— Exercise details —
The result should be every line that contains the word "Clamp", taken from the material.

----

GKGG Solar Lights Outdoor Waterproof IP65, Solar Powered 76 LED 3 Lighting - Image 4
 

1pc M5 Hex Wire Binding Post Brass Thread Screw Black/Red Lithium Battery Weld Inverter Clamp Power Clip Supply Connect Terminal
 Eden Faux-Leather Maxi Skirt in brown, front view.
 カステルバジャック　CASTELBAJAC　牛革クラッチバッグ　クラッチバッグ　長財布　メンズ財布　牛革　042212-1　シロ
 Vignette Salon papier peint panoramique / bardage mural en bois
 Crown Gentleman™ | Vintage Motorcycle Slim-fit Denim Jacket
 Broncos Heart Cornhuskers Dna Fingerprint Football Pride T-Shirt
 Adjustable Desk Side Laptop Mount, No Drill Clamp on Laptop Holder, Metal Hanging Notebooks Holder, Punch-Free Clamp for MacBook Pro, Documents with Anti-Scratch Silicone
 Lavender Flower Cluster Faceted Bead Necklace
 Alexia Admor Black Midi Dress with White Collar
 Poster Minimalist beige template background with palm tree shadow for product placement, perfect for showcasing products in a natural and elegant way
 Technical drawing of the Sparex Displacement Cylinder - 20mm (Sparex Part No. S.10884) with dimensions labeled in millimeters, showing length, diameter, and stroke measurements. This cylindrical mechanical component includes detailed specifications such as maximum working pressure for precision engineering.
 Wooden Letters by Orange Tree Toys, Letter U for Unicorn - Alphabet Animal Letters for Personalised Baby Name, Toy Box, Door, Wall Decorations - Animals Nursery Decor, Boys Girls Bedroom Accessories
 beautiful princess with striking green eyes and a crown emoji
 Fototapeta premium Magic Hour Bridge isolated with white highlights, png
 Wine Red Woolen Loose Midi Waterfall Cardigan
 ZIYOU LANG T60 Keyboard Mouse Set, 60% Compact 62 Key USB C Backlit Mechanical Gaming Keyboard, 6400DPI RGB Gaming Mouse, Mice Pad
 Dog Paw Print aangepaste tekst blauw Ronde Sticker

----

— Answer to the problem —
1pc M5 Hex Wire Binding Post Brass Thread Screw Black/Red Lithium Battery Weld Inverter Clamp Power Clip Supply Connect Terminal
 Adjustable Desk Side Laptop Mount, No Drill Clamp on Laptop Holder, Metal Hanging Notebooks Holder, Punch-Free Clamp for MacBook Pro, Documents with Anti-Scratch Silicone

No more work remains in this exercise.